Sunday, November 30, 2008
5 reasons to go to the Carnegie if you're in town in December
K. and I visited the Carnegie Museum of Art this afternoon after brunch at Kiva Hahn. As a working artist, I am quite guarded about when and where I see new art - the secret conversation that I have with my own artwork can be interrupted by the 40-100 voices that jump in when I go to see work in a museum setting, polluting the in-studio dialogue.
But. It was time. I had to get a look at the International before it takes off. And then there was the pleasant surprise of Worlds Away, a show about suburban architecture.

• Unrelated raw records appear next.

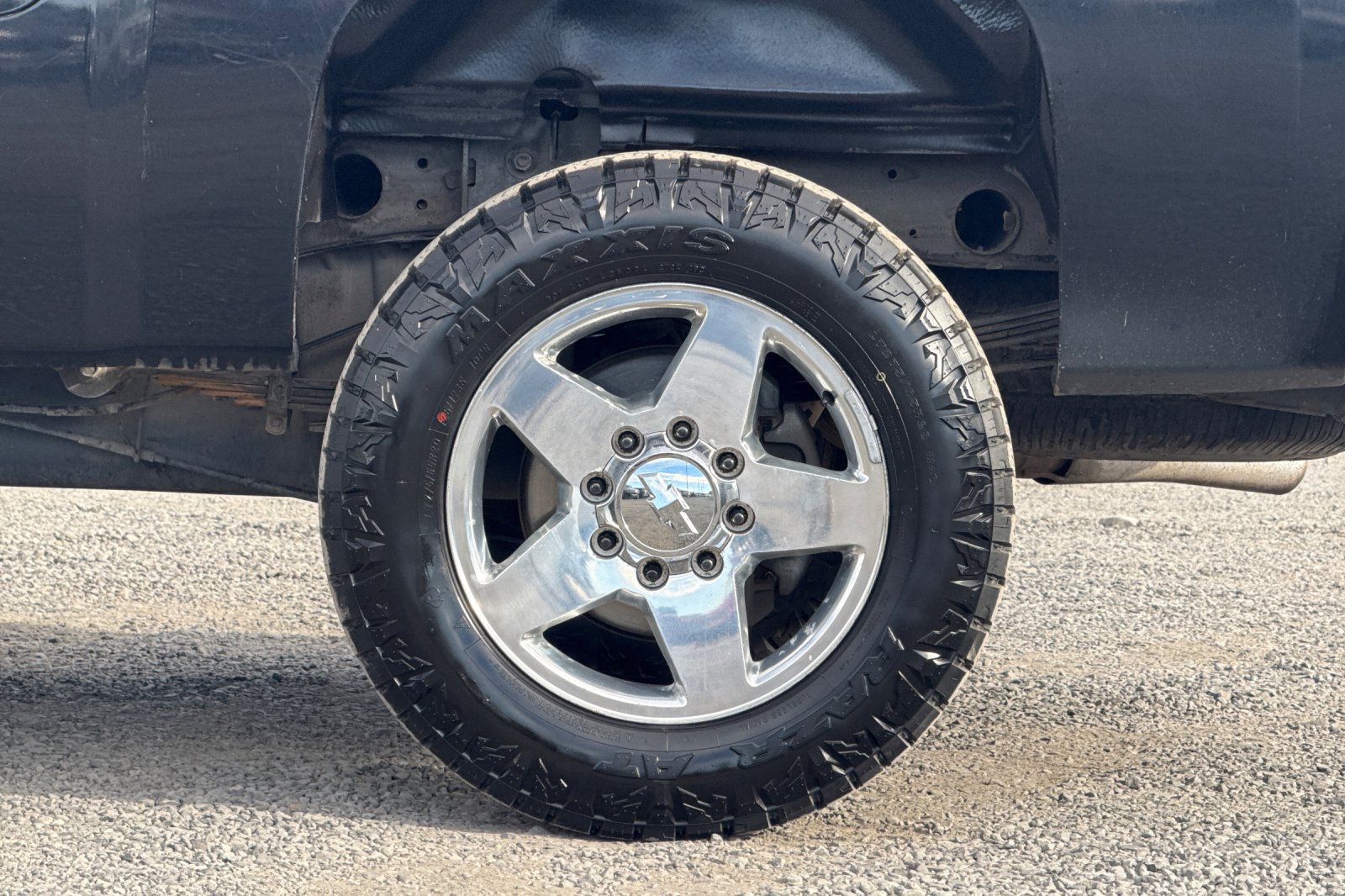 Used 2011 Chevrolet Silverado 2500 LTZ w/ LTZ Plus Package AWD/4WD image 39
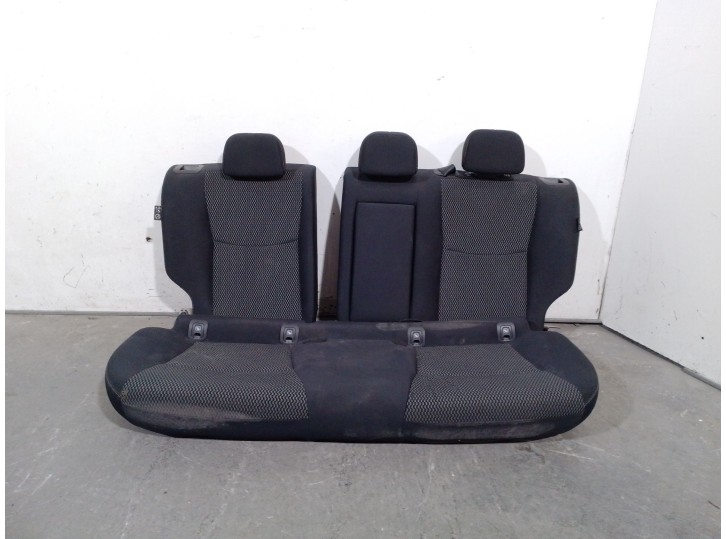 Recambio de asientos traseros para nissan pulsar hatchback (c13) 1.2 dig-t referencia OEM IAM 883003ZM0C 883003ZM0C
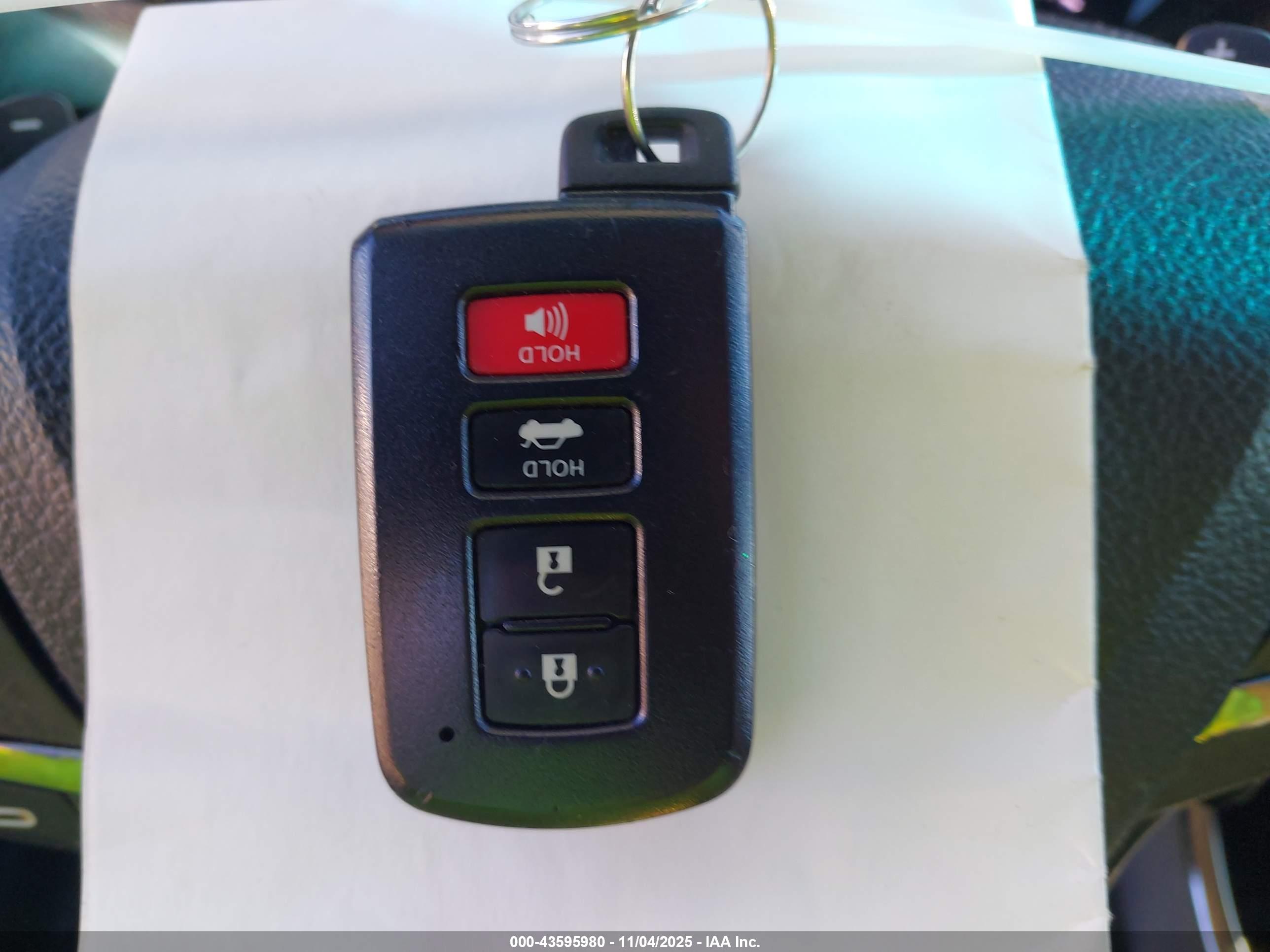 TOYOTA AVALON image 11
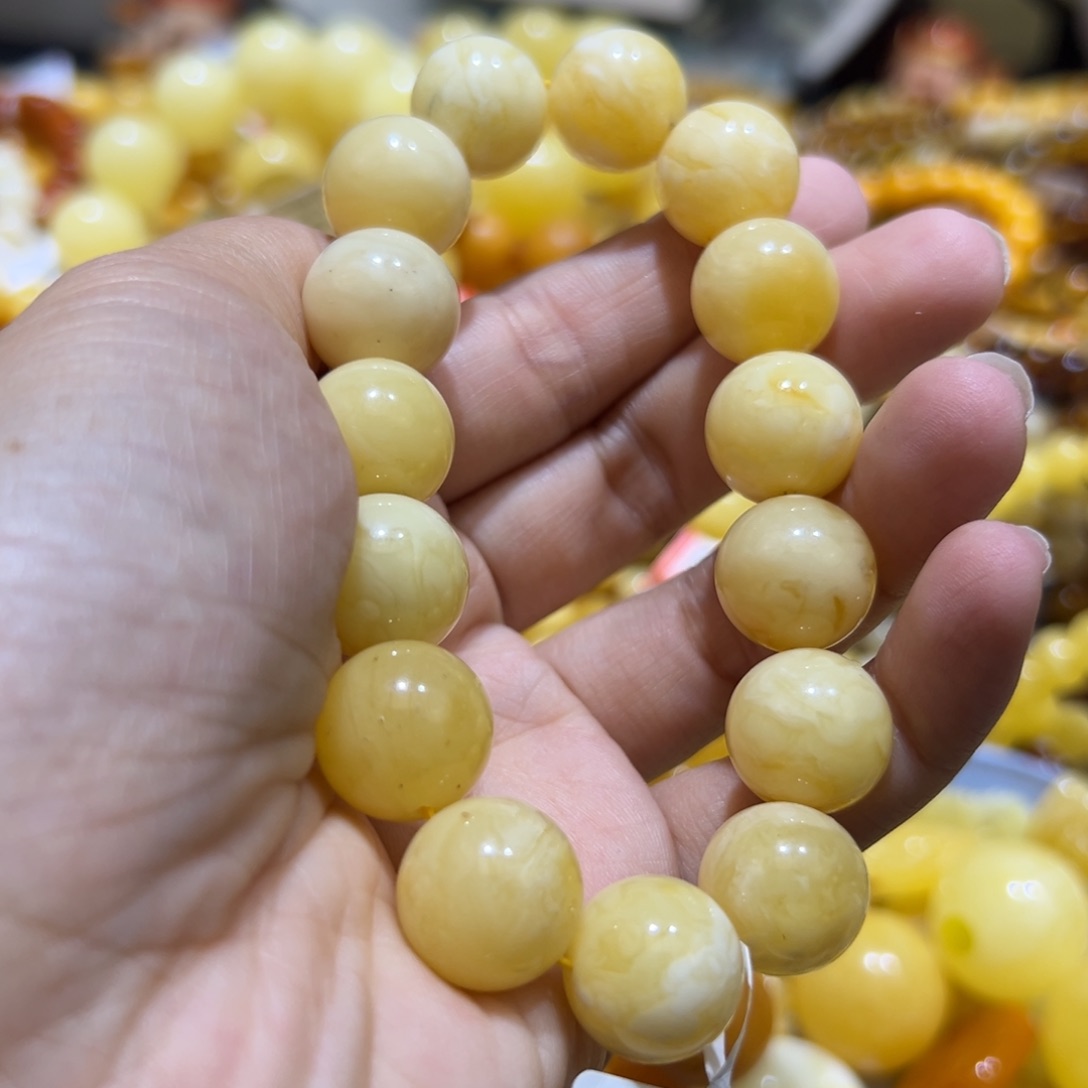 琥珀珠宝奇石未镶嵌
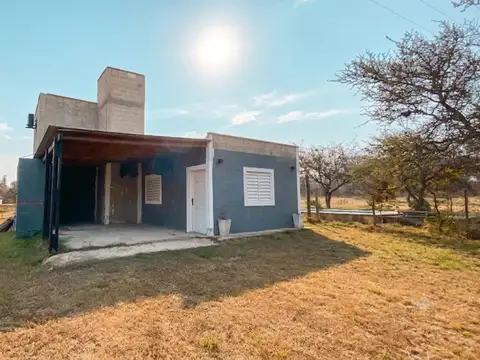 VENDE PERMUTA CASA 2 DORM CON PILETA LOS MOLINOS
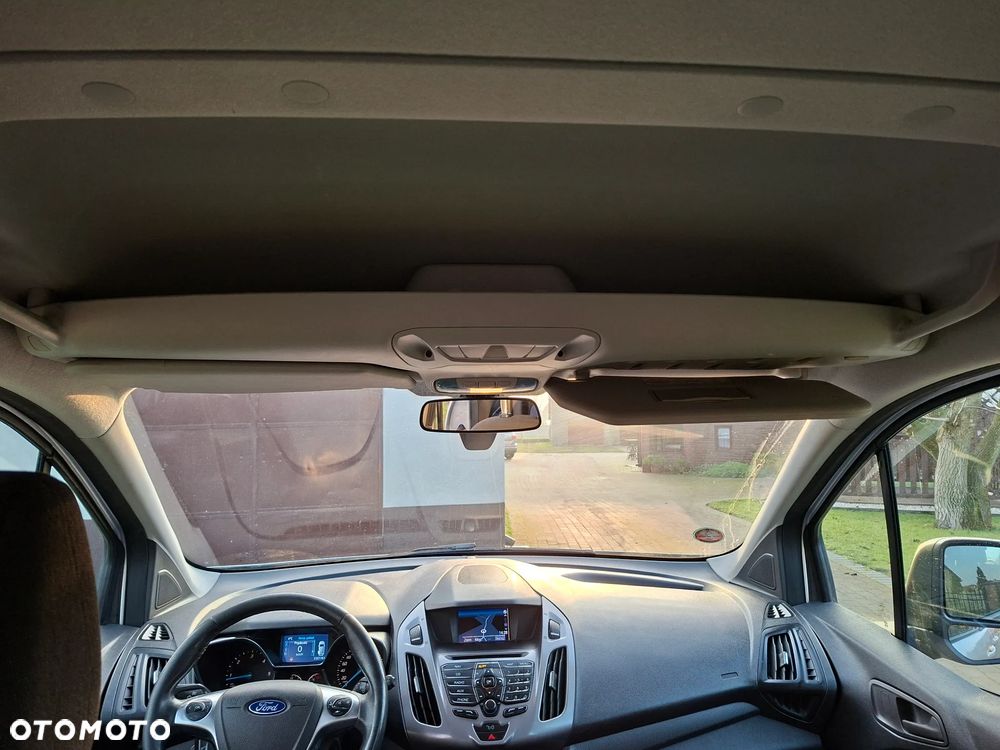 Ford Tourneo Connect 1.6 TDCi Start-Stop Ambiente - 32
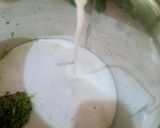 A picture of step 3 of Thandai pista Lassi.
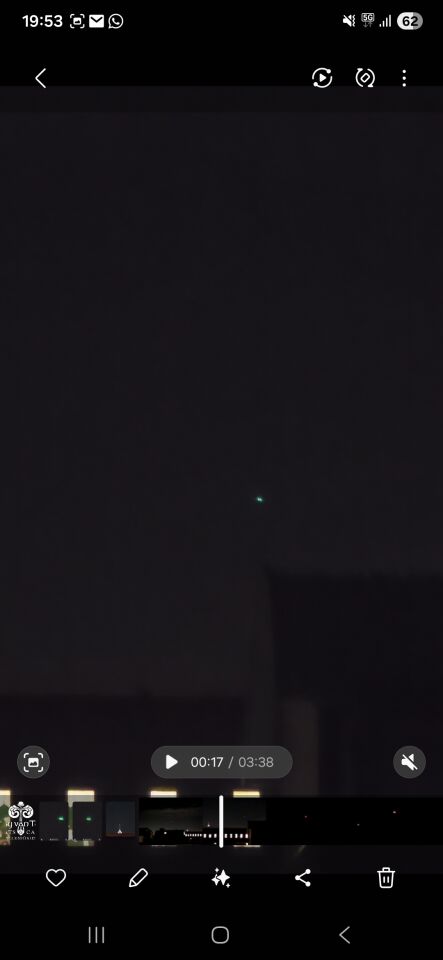 2 schijfvormige objecten rood en groen knipperend. foto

That's where I'll start, with all my illegal, copyright-violating, guard-pissing-off in-Museum phone photography.
REASON 1 : AUTOBIOGRAPHY OF A SUBURBAN MALL
A powerpoint with voiceover projected on the semi-topographical map of a mall in Fishkill.
REASON 2 : THE JUXTAPOSITION OF ED RUSCHE'S PARKING AERIAL PARKING LOT PHOTOS WITH AERIAL PHOTO OF HUMAN INTERVENTIONS IN RURAL LANDSCAPES.
The guard was too close, no pictures. You'll have to just go visit.
REASON 3 : COMING OUT OF THE SCAIFE GALLERY TO THE DARKENED HALL OF ARCHITECTURE
REASON 4 : ALL THE INSTALLATIONS IN 'LIFE ON MARS' BUT ESPECIALLY THIS ONE.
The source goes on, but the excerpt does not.